Пример, несомненно, красочен, однако его едва ли можно считать доказательством гипотезы о «парадоксах». Прежде всего, проповедь записана отнюдь не простым и некнижным человеком. Кроме того, не ясной остается цель создания подобного рассказа. Проповедник мог стремиться поразить воображение слушателей быстротой осуждения за грехи; он мог выражать свою, вполне определенную позицию по вопросу о Суде. В Средние века существовали разные идеи о посмертной участи души, проповедь основывается на представлении о немедленном воздаянии, не «отложенном» до конца света. Если не реконструировать смысл сказанного автором в контексте объяснений, бытовавших в культуре, толкования его слов могут быть самыми разными. Можно увидеть в источнике отражение «противоречий», существовавших в головах «простецов», можно предлагать иные трактовки — дальше предположений на этом этапе дело очевидно не пойдет. Таким образом, говорить корректнее не о прямом доказательстве, а скорее об исследовательской проблеме, обнаруженной в средневековых текстах.
Иное доказательство было найдено Гуревичем в области изобразительного искусства. Самым ярким примером, подтверждающим «парадоксальность» средневекового мышления, историк считал западный портал церкви Сен-Лазар, на котором представлена скульптурная композиция Второго пришествия. Воскресающие фигуры (внизу портала) уже до Суда разделены здесь на праведников и грешников.
Трактовка сюжета, предложенная Гуревичем, вызывает принципиальные сомнения. Для реконструкции смыслового наполнения иконографических образов (как и любых символических изображений) важен прежде всего поиск письменных источников, содержащих объяснения современников эпохи и прямо соотносимых с изображенным или высеченным в камне сюжетом.
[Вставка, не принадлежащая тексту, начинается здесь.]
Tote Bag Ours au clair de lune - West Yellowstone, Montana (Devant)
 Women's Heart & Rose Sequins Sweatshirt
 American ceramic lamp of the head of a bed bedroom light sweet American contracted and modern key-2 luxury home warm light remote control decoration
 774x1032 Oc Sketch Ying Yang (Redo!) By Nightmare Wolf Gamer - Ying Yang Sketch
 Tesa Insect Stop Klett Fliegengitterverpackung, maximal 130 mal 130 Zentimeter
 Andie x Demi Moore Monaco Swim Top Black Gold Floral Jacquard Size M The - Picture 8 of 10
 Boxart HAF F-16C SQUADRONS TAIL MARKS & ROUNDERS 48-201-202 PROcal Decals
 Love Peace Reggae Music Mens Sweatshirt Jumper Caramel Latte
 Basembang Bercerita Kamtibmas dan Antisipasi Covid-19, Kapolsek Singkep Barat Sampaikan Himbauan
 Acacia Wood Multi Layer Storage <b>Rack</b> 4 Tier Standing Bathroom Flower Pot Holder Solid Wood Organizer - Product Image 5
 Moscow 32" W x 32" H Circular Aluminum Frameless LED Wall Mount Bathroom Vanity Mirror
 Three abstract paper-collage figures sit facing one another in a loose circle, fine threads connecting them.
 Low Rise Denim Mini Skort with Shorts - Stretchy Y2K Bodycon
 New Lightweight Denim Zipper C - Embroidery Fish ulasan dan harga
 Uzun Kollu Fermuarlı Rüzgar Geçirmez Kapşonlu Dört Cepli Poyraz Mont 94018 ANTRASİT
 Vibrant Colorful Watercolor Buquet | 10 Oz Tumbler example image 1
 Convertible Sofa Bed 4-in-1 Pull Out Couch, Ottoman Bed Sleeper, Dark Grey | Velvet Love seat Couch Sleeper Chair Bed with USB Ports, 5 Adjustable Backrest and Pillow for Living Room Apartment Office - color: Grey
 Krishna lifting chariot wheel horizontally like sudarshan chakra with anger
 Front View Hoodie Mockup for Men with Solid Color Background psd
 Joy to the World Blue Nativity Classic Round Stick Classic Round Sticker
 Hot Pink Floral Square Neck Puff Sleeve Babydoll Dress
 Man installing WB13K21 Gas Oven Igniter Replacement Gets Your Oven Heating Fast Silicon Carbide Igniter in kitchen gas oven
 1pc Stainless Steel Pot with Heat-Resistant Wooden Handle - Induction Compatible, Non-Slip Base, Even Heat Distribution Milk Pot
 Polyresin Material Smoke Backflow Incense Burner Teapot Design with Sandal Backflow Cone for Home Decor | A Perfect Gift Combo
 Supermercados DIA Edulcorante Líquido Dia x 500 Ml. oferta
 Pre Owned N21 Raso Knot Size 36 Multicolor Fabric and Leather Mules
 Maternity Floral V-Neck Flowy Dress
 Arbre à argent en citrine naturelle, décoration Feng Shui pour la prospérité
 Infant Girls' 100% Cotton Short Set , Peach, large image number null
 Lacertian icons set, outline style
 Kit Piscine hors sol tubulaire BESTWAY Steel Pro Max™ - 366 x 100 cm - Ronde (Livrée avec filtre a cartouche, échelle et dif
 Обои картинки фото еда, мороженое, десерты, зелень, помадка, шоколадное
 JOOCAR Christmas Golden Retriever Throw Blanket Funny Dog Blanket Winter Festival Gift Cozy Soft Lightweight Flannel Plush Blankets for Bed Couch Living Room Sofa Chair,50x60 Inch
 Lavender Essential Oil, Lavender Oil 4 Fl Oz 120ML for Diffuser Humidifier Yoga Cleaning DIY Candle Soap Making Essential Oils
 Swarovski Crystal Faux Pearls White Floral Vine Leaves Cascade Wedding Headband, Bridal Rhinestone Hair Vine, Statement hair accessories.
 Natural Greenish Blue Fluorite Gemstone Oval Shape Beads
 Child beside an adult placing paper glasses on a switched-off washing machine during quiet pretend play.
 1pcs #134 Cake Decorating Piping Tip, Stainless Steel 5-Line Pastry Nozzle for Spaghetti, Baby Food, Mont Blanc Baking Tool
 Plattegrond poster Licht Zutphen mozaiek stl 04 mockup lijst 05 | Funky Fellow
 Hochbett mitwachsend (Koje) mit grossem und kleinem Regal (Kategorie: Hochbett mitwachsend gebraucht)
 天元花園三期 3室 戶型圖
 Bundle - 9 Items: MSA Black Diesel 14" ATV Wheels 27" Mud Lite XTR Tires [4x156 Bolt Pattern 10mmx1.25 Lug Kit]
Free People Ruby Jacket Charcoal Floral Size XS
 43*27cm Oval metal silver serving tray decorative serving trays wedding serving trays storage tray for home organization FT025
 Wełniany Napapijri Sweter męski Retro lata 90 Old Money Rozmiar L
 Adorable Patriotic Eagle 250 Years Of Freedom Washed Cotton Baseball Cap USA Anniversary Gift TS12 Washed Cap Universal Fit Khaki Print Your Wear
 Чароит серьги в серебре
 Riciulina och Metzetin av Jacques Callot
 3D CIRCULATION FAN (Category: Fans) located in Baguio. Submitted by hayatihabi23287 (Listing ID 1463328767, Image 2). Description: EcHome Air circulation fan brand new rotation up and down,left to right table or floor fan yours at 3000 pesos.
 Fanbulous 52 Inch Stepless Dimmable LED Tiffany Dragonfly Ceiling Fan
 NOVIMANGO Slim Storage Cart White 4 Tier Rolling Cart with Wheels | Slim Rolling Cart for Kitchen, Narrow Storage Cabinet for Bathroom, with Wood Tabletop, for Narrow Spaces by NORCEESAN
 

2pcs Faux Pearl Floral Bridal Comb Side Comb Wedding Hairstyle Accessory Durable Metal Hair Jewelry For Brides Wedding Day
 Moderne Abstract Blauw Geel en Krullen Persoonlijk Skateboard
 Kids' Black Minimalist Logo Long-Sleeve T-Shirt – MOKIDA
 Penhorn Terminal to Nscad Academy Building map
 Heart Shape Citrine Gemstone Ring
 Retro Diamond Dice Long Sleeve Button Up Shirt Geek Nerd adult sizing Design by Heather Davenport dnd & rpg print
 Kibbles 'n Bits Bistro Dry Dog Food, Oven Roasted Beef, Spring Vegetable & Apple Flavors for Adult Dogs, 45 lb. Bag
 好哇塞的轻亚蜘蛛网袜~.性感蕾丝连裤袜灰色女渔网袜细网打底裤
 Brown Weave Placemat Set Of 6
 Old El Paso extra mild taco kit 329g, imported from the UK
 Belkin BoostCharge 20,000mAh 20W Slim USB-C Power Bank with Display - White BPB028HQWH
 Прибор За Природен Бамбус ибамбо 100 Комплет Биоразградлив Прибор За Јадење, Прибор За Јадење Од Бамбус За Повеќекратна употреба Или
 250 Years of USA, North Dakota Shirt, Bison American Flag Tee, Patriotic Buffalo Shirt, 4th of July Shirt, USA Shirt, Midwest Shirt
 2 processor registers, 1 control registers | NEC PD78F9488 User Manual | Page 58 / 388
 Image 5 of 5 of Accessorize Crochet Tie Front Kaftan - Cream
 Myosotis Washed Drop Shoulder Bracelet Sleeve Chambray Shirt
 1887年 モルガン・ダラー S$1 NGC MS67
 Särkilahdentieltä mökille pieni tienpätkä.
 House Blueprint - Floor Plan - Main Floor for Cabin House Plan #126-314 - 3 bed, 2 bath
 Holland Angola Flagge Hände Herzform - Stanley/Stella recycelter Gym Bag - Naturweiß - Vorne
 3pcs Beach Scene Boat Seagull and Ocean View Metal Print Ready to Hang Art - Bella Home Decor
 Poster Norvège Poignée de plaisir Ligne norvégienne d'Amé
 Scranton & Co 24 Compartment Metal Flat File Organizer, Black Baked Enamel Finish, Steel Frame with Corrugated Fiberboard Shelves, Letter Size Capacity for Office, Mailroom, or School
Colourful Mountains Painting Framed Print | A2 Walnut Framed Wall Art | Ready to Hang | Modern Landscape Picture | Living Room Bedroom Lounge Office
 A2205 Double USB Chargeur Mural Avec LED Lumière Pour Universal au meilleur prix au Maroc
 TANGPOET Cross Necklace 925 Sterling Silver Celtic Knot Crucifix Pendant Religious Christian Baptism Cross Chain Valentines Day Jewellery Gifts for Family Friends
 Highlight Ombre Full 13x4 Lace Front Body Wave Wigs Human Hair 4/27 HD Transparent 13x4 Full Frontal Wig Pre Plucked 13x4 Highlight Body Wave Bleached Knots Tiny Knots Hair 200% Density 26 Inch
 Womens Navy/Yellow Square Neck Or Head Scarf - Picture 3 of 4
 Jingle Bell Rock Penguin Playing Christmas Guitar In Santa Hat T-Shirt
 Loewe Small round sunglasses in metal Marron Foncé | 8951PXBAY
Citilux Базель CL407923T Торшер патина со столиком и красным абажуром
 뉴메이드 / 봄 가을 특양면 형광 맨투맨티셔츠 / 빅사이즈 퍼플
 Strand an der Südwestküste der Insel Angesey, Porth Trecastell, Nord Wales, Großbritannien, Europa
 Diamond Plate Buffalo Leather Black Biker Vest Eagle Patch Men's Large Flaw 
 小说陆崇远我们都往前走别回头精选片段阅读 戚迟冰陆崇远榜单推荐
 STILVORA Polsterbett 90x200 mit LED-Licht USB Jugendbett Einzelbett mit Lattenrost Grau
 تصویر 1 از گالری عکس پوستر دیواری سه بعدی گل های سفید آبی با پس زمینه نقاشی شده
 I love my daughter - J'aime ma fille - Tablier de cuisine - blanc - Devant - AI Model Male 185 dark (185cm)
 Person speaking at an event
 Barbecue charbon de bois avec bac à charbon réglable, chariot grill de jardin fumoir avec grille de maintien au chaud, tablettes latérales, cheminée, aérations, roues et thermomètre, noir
Характерно, что в случае с порталом церкви Сен-Лазар подобные тексты существуют: «Если толковать творение Гислеберта в качестве реализации заказа Церкви, то в подобном подходе есть определенный резон», — подчеркивал историк[892]. Сочинения, проясняющие взаимоотношения посмертного и Страшного судов, известны. Однако дальнейшие утверждения Гуревича перечеркивают все объяснения современников.
«Простецы» жили в стихии устной культуры, сознание их не было «отягчено богословскими знаниями», предполагал исследователь. А следовательно, «простецы», глядя на изображение, созданное Гислебертом, не могли логически объяснить картину. Тем не менее они понимали, что изображено перед ними. Следовательно, их мышление органично включало в себя парадоксальные вещи, противоречащие друг другу. Это и есть радикальное отличие средневекового мышления от мышления современного: в головах простых людей господствовали «безразличие к парадоксам» и «невнимание ко времени», свойственные бессознательным пластам человеческой психики[893].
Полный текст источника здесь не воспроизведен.